On Aaron Swartz's prosecution:
BK: "The prosecutors, in this case, told Aaron's dad that they needed a case for deterrence. They needed someone to make an example out of. And I think that automatically begs the question, deterring what? What kind of example were they trying to make, here? Yes, Aaron is a hacker in the broad sense of the word, but the majority of his activity, to me, seemed to be political organizing. And it's being prosecuted in a time where we were struggling to recovery from this financial meltdown and none of the people involved in that have been prosecuted in any real or significant sense. So where do our priorities lie?"
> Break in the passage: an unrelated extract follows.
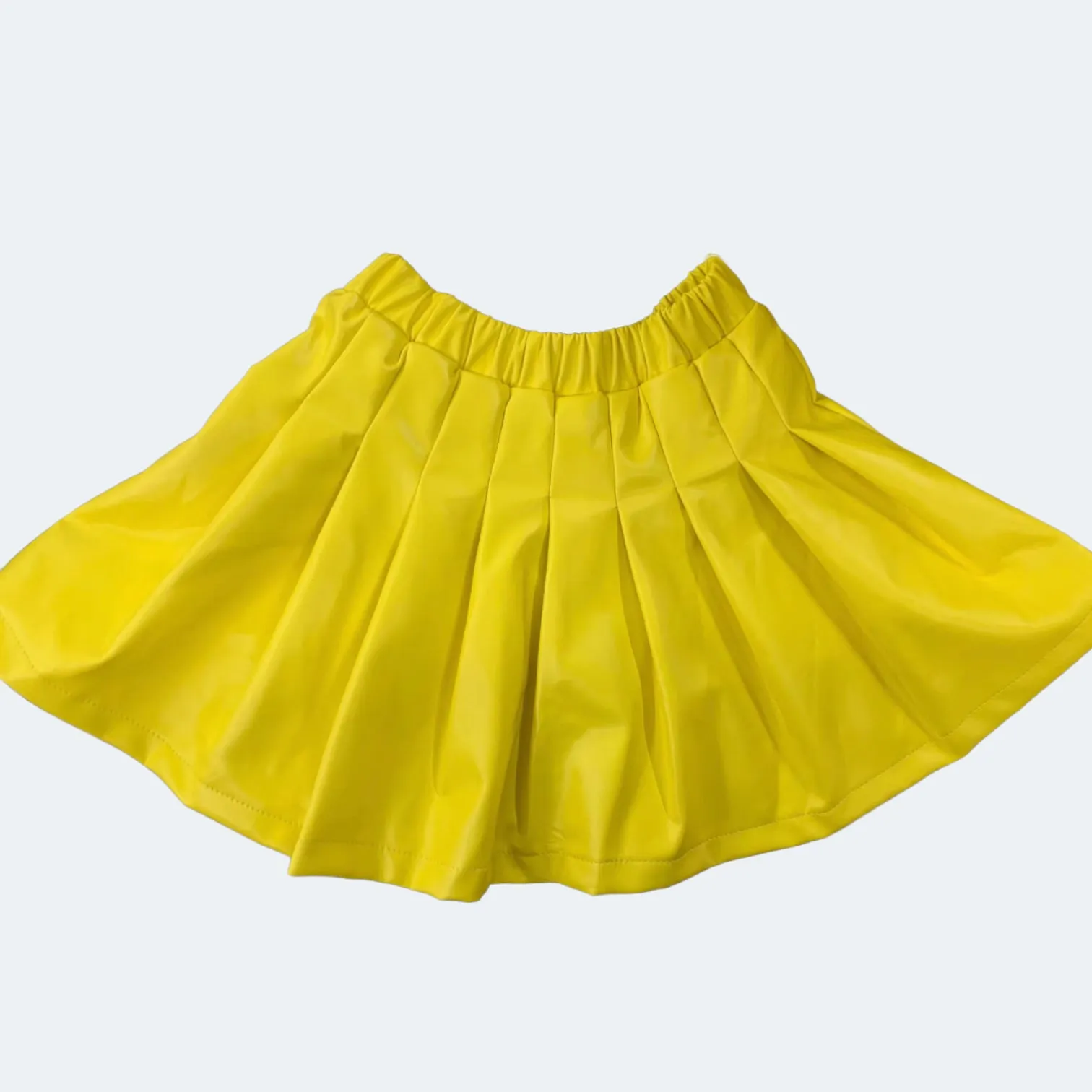 Sunshine Vegan Pleated Skirt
On Aaron's struggle with himself:
BK: "We go through some of his early blog posts where he talks about going in the bathroom and crying and things like that at his first job at Conde Nast and this disconnect that he felt at times. We also talked to his girlfriend, Taren, the girlfriend at the time of his passing, who says that she believed that, at some point in his early 20s, that he probably did have something like a clinical definition of depression. But she doesn't believe that was the case when he was living with her. We definitely explore that territory and try to understand — he seemed to carry the weight of the world on his shoulders."
- "Brian Knappenberger’s documentary portrait of Swartz, the digital freedom activist who hanged himself in 2013 as the US Department of Justice prepared a case against him, is a work of eulogy and sorrow, intent on ennobling its subject and on working audiences into a pitch of angry righteousness."
This segment aired on April 25, 2014.